Your goal: How many lines in the listing contain the word "Leather"? Reply with the number alone.

+ + + + +

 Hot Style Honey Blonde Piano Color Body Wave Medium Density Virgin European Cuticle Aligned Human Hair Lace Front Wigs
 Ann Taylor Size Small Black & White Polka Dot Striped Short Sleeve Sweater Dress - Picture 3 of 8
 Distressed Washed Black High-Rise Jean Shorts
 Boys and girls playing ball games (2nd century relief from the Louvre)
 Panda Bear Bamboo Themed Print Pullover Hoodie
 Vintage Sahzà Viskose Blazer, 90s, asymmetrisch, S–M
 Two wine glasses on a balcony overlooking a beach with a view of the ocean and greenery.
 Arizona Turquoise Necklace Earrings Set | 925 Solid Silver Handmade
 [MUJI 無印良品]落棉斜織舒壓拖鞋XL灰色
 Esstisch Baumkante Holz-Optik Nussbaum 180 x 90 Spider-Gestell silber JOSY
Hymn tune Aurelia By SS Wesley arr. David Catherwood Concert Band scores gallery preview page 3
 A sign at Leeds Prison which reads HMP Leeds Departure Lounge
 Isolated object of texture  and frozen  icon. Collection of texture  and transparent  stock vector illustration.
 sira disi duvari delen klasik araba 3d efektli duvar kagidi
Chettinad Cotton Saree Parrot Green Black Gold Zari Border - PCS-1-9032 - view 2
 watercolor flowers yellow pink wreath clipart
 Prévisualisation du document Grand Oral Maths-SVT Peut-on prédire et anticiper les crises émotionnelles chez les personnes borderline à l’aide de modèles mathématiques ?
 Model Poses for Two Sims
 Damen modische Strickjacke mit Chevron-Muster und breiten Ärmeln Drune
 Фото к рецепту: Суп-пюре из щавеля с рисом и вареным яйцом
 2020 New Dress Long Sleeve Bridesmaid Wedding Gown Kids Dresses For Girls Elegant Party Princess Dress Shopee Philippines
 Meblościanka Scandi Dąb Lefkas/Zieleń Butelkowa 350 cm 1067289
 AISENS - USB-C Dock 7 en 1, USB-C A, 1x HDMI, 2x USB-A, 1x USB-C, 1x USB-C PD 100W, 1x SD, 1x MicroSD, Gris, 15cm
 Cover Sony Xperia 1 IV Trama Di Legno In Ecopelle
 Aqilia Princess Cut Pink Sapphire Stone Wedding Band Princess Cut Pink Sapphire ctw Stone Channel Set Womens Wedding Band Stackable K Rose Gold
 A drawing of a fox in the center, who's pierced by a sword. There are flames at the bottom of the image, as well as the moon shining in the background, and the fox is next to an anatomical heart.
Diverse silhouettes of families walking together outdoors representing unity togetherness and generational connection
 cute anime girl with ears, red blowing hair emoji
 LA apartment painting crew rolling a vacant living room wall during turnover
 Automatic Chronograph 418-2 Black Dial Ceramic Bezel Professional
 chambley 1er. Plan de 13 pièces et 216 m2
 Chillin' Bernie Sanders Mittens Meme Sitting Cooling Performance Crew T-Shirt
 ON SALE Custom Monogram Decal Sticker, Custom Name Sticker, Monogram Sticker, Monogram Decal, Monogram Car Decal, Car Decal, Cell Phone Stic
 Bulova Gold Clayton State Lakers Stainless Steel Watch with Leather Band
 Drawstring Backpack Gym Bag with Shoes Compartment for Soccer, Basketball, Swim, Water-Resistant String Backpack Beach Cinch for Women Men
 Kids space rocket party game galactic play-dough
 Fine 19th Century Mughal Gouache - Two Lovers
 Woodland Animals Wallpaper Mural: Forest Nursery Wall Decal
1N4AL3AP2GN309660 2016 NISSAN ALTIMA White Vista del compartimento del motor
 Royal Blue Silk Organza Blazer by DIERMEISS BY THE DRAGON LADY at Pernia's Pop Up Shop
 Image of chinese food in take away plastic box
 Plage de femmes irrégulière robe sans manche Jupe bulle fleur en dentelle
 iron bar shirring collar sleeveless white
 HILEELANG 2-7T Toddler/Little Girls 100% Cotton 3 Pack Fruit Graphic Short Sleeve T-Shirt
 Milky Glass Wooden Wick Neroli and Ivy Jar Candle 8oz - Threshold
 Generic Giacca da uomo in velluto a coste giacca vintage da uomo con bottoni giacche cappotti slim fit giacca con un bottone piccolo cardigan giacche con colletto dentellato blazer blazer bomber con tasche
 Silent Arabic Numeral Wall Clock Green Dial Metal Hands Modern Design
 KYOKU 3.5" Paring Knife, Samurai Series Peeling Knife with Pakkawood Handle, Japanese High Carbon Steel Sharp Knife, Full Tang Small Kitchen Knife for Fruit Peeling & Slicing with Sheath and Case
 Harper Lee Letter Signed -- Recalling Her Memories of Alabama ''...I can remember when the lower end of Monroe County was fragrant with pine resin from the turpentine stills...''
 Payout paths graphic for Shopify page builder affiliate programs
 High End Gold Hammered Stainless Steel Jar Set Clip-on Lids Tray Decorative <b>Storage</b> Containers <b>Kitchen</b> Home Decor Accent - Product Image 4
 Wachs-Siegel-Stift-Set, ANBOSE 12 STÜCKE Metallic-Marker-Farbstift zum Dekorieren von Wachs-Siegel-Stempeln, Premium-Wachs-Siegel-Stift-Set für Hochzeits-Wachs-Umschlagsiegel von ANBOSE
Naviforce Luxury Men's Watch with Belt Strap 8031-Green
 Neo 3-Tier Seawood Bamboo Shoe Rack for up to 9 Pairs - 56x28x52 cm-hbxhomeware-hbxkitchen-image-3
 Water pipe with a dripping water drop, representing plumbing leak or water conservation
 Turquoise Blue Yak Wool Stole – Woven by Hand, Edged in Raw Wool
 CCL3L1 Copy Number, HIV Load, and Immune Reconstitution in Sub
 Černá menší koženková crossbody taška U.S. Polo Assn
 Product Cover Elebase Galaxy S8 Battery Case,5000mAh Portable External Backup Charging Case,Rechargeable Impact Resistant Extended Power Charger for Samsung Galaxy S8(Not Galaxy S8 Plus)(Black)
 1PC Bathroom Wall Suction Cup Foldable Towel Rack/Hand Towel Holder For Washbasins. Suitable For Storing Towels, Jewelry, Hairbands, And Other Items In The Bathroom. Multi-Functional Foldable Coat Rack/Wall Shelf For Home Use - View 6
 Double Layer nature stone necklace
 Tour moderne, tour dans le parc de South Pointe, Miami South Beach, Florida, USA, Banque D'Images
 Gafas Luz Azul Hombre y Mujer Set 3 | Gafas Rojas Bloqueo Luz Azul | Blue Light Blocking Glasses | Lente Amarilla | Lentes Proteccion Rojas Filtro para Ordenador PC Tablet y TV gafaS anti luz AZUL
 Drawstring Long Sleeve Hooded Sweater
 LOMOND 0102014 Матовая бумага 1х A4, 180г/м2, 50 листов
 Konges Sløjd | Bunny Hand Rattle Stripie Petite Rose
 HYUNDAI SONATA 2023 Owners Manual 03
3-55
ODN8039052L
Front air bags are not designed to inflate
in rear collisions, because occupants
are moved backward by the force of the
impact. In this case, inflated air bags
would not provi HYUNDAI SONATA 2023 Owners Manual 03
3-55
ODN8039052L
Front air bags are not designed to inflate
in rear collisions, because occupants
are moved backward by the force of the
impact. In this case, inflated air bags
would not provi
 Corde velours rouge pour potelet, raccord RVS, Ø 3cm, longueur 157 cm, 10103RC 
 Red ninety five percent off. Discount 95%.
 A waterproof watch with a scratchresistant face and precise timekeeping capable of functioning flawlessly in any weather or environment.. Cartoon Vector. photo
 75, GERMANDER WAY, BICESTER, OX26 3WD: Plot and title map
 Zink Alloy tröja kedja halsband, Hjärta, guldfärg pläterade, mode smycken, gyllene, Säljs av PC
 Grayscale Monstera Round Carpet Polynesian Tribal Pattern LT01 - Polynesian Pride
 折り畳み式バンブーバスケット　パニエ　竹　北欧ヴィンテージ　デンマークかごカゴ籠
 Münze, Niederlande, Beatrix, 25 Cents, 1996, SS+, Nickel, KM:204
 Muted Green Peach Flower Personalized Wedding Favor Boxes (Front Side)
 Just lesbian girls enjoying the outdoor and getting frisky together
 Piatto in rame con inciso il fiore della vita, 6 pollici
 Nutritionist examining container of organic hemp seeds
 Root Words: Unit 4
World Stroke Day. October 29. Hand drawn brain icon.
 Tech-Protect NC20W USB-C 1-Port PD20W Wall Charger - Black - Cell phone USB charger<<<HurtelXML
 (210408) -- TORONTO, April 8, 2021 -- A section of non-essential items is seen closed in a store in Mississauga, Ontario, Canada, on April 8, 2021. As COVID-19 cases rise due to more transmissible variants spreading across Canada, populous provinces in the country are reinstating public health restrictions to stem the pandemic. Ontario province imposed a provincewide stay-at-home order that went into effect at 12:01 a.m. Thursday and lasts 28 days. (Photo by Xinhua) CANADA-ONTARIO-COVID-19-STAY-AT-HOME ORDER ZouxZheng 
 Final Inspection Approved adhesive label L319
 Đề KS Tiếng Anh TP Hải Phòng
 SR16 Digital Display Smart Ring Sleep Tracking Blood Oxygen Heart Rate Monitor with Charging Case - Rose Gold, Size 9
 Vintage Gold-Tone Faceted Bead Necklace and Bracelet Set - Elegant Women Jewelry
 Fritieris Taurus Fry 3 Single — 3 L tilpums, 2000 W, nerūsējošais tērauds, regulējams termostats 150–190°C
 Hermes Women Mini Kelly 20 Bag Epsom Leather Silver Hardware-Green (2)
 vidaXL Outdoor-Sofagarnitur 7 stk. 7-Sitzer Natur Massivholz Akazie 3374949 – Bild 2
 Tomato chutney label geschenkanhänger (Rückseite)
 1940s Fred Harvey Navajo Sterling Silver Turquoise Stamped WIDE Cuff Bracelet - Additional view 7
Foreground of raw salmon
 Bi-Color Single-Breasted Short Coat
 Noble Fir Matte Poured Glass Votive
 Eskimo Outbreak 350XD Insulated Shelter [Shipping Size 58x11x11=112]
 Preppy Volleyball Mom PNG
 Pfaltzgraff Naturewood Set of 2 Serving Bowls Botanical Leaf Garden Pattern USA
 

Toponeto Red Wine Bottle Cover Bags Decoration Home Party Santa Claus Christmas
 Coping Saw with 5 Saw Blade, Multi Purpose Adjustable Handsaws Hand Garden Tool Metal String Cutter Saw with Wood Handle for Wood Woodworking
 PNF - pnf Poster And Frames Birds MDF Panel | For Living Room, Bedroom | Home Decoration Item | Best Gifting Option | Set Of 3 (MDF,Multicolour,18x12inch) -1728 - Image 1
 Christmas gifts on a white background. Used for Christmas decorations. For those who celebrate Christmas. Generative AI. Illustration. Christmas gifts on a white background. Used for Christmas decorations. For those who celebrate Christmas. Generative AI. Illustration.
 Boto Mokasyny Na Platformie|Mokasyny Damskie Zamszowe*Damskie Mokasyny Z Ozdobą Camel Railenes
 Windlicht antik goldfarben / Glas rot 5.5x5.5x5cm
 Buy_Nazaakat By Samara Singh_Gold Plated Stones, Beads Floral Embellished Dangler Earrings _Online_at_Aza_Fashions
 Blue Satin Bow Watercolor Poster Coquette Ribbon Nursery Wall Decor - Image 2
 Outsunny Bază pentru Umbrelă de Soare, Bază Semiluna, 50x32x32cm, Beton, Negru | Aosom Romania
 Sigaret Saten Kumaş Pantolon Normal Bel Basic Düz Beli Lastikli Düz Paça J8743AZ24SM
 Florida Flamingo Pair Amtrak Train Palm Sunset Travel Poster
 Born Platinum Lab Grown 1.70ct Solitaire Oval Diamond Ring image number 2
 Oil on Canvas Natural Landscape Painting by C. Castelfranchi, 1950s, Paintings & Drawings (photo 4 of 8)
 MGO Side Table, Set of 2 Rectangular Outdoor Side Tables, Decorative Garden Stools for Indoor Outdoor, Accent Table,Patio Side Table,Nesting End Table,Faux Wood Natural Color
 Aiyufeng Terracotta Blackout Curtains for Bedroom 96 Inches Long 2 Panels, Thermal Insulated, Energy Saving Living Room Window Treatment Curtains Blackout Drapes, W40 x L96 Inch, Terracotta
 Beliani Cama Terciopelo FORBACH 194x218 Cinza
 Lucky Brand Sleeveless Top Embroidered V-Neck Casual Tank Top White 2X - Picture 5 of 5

+ + + + +

Finished exercise: 2